(Short descriptive text snippets)
>>

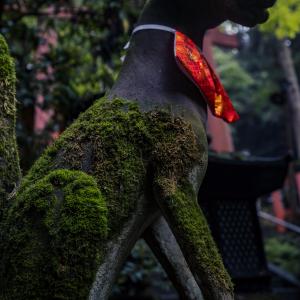 /japan_2025/Fushimi Inari Taisha 4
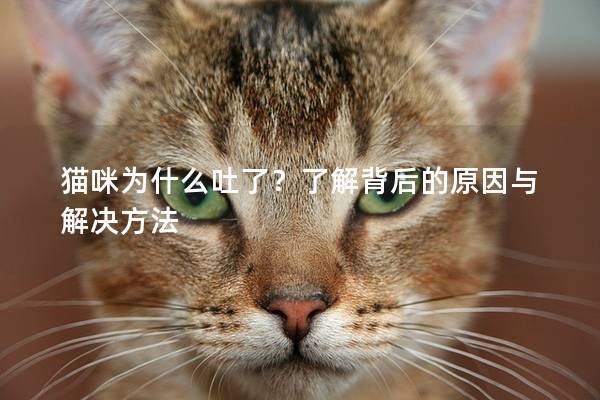 猫咪为什么吐了？了解背后的原因与解决方法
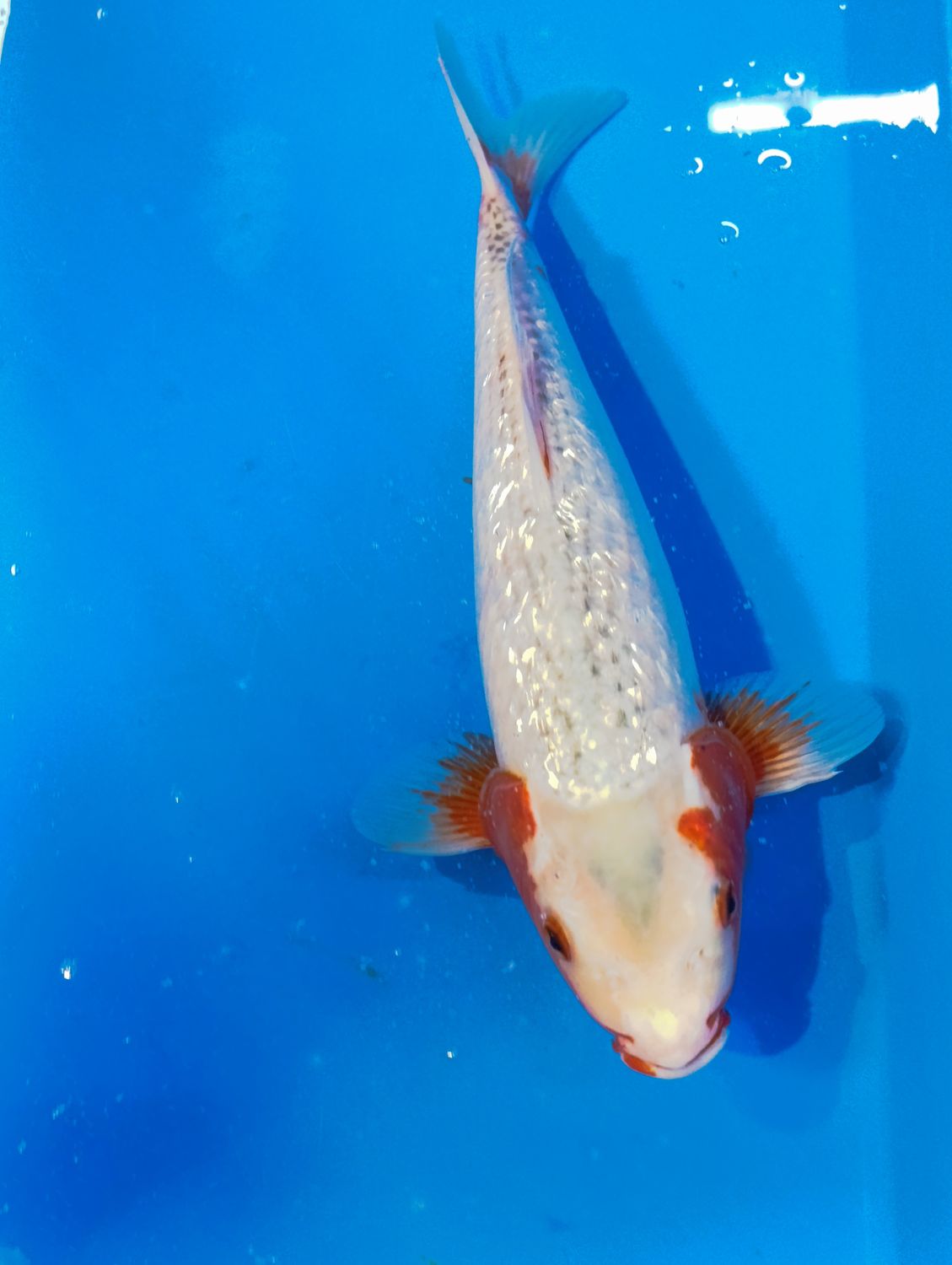 Karp Koi Ginrin Asagi 38 cm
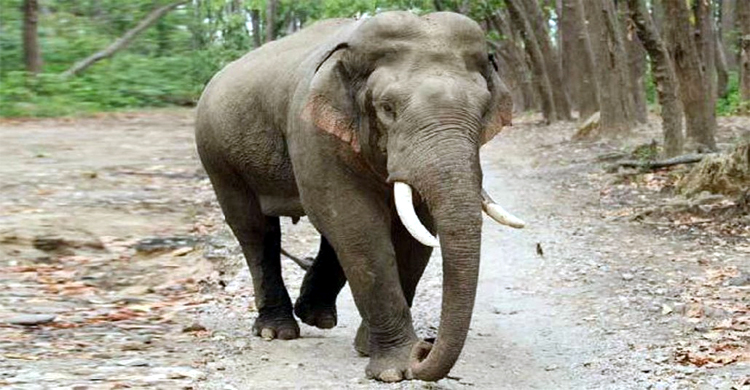 রাঙ্গামাটিতে এবার হাতির আক্রমণে প্রাণ গেল বিশ্ববিদ্যালয় ছাত্রের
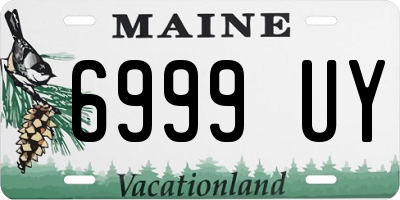 ME license plate 6999UY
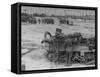 American Troops During Campaign to Liberate Caen During WWII-null-Framed Stretched Canvas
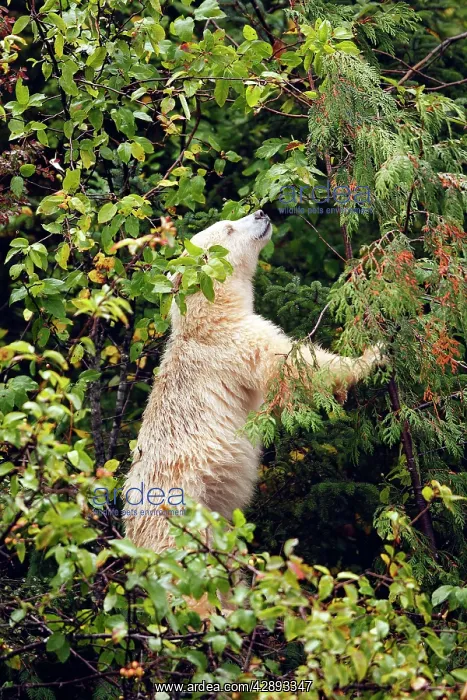 : Kermode Bear / Spirit Bear - Eating fruits of Pacific : Kermode Bear / Spirit Bear - Eating fruits of Pacific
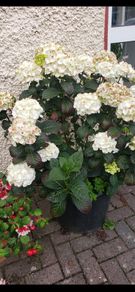 garden plants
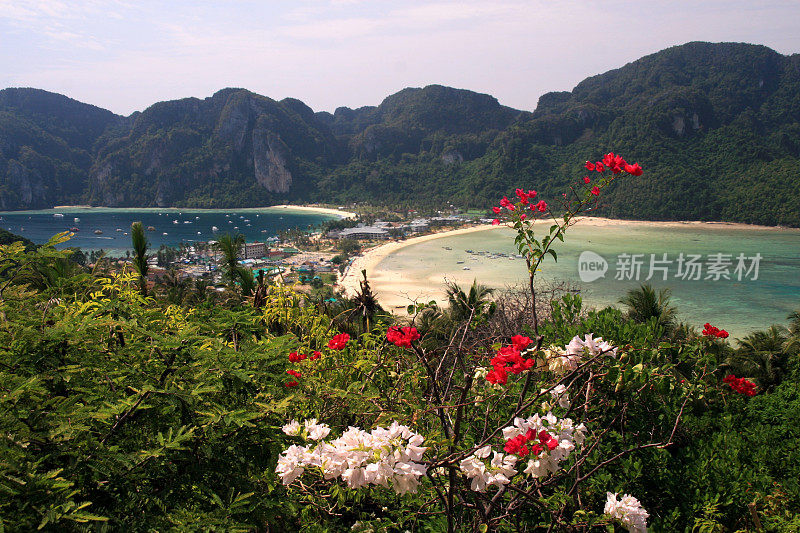 Koh Phi Phi岛和鲜花，泰国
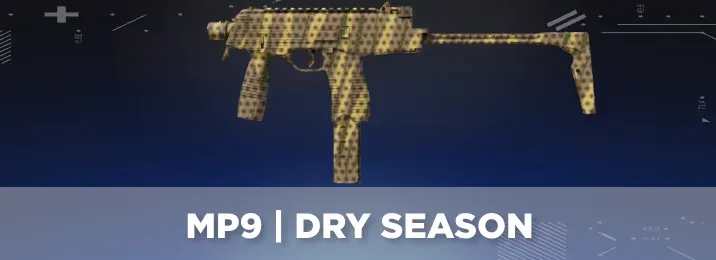 CS2 skin with a cool flavor text.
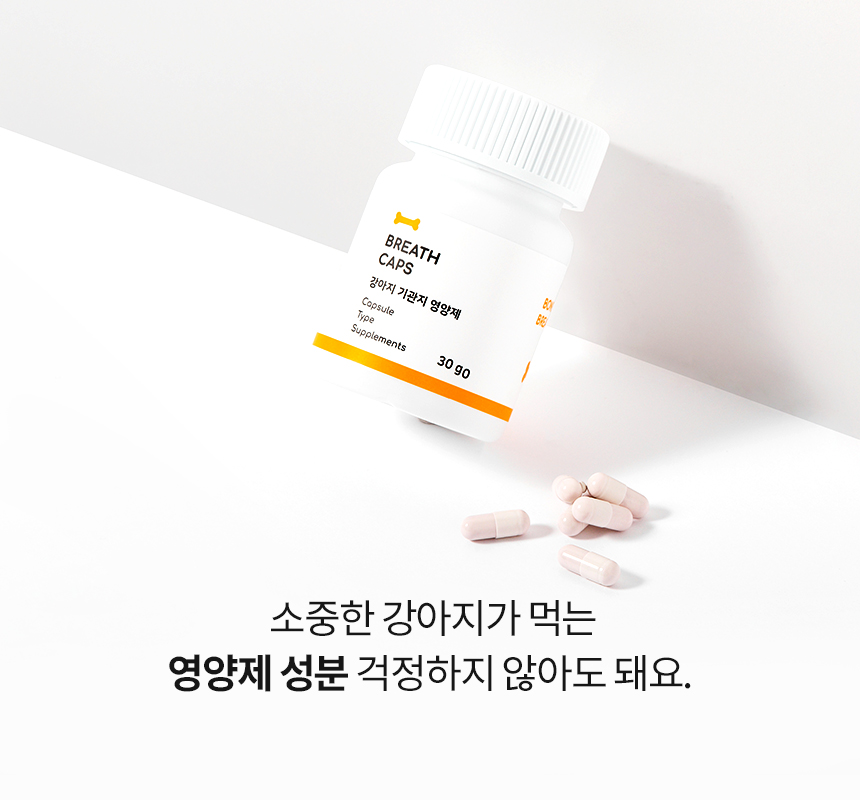 [무료배송] 본아페티 브레스캡스 강아지 기관지 영양제 애견 호흡기 영양제 노령견 기침 60정 9번째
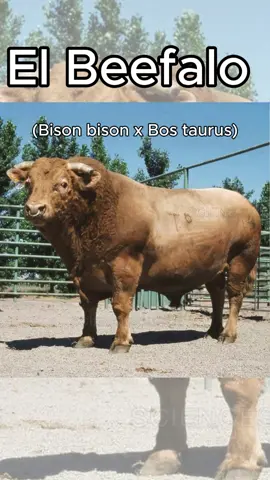 El Beefalo (Bison bison x Bos taurus) es un híbrido natural que fue obtenido de la cruza de búfalo americano con vaca doméstica europea y actualmente también con cebú. En cuanto a su genotipo, es 3/8 de búfalo y 5/8 de bovino. No se exige un color de pelaje específico ni una distribución determinada del mismo, pueden ser astados o acornes.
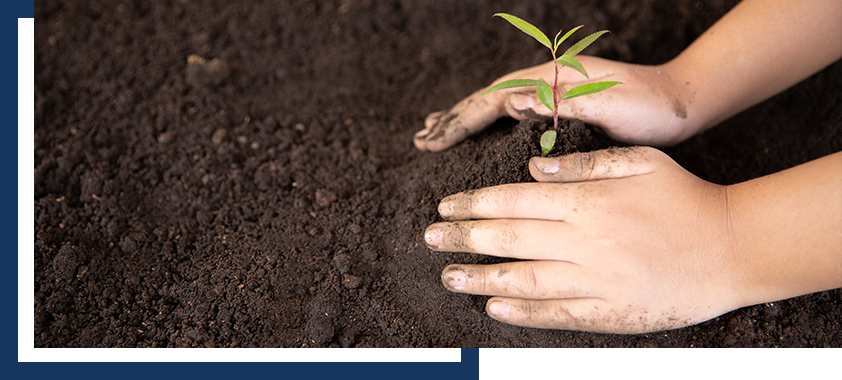 Corporate Social Responsibility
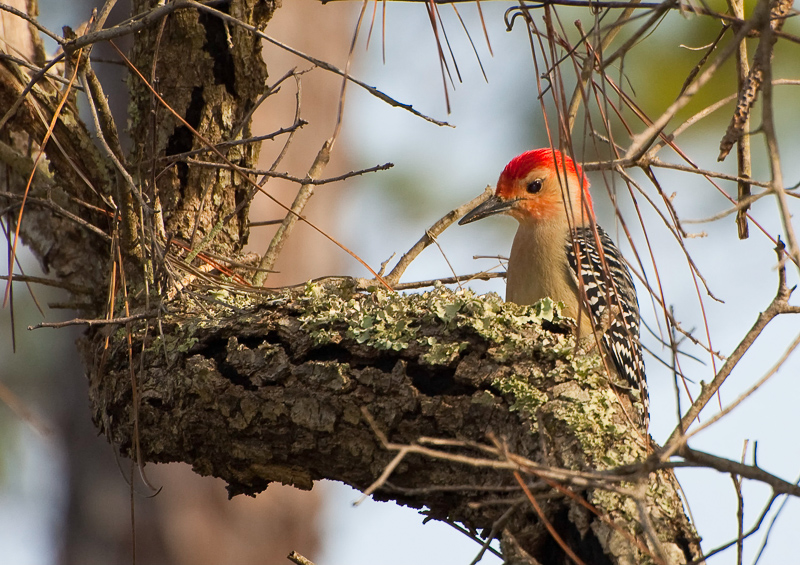 Florida Nature Facts #30 – Woodpeckers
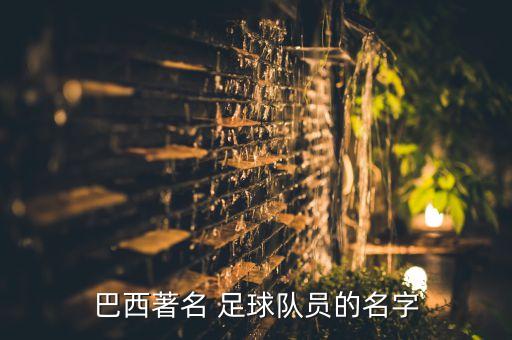 巴西著名 足球隊(duì)員的名字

<<

— REQUIRED WORK —
No picture belongs in the answer, but every word of the records above does, exactly as given.

— RESPONSE TO THE TASK —
 /japan_2025/Fushimi Inari Taisha 4
 猫咪为什么吐了？了解背后的原因与解决方法
 Karp Koi Ginrin Asagi 38 cm
 রাঙ্গামাটিতে এবার হাতির আক্রমণে প্রাণ গেল বিশ্ববিদ্যালয় ছাত্রের
 ME license plate 6999UY
 American Troops During Campaign to Liberate Caen During WWII-null-Framed Stretched Canvas
 : Kermode Bear / Spirit Bear - Eating fruits of Pacific : Kermode Bear / Spirit Bear - Eating fruits of Pacific
 garden plants
 Koh Phi Phi岛和鲜花，泰国
 CS2 skin with a cool flavor text.
 [무료배송] 본아페티 브레스캡스 강아지 기관지 영양제 애견 호흡기 영양제 노령견 기침 60정 9번째
 El Beefalo (Bison bison x Bos taurus) es un híbrido natural que fue obtenido de la cruza de búfalo americano con vaca doméstica europea y actualmente también con cebú. En cuanto a su genotipo, es 3/8 de búfalo y 5/8 de bovino. No se exige un color de pelaje específico ni una distribución determinada del mismo, pueden ser astados o acornes.
 Corporate Social Responsibility
 Florida Nature Facts #30 – Woodpeckers
 巴西著名 足球隊(duì)員的名字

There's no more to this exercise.